Mecliste çok aktif olan İsmail Şükrü, İstiklal Harbi sırasında Ankara’da yayınlanan Sebilürreşad mecmuasında yazılar da yazmıştır. Yazılarında; Kurtuluş Savaşı’nın “cihad” olduğunu, kâfirlerin saldırılarının “nur-ı ilahiyi söndüremeyeceğini”, ulemaya da “cihad” esnasında önemli vazifeler düştüğünü, ulemanın maişet derdi yerine halkı aydınlatmakla uğraşsı gerektiğini vurgulamıştır.

Şükrü Hoca’nın en belirgin özelliği ise Yunan ilerleyişine rağmen ümitsizliğini kaybetmemesidir. Nitekim Kütahya-Eskişehir Muharebelerinde Yunanlıların Afyon’u ele geçirdikleri sırada yayınladığı yazının başlığı “Zafer müminlerindir.” adını taşımaktaydı. Bu yazılar ve vaazlar, onun Kurtuluş Savaşı’nın manevi kahramanlarından birisi olduğunu göstermektedir.
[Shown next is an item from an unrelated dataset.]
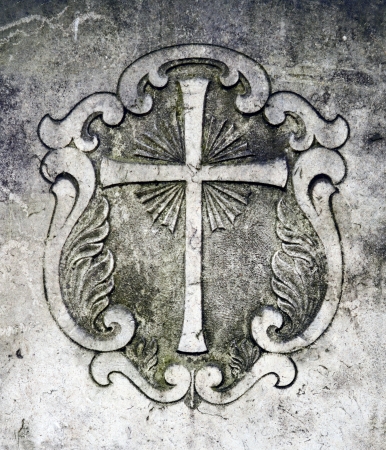 Detail Of A Crucifix On An Ancient Gravestoneの写真素材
İsmail Şükrü meclisin üçüncü yasama yılında Şer’iye ve Evkaf Encümeni’nin sözcülüğünü yaptı. 1923 Ocak’ında yayınladığı hilafetle ilgili risale, meclisteki İkinci Grup’un sözcüsü Ali Şükrü Bey’in Ankara’daki matbaasında basılarak meclise dağıtıldı.

Mukaddimede, eserin bazı alimler tarafından şer’i kaynaklara göre hazırlandığı belirtilmekte ve mukaddimenin sonunda onun ismi yer almaktaydı. Her ne kadar bazı yerlerde eseri onun yazmadığı belirtilse de İsmail Şükrü, mecliste yazarın kendisi olduğunu söylemiş, M. Kemal de Nutuk’ta eserin onun tarafından yazıldığını belirtmiştir.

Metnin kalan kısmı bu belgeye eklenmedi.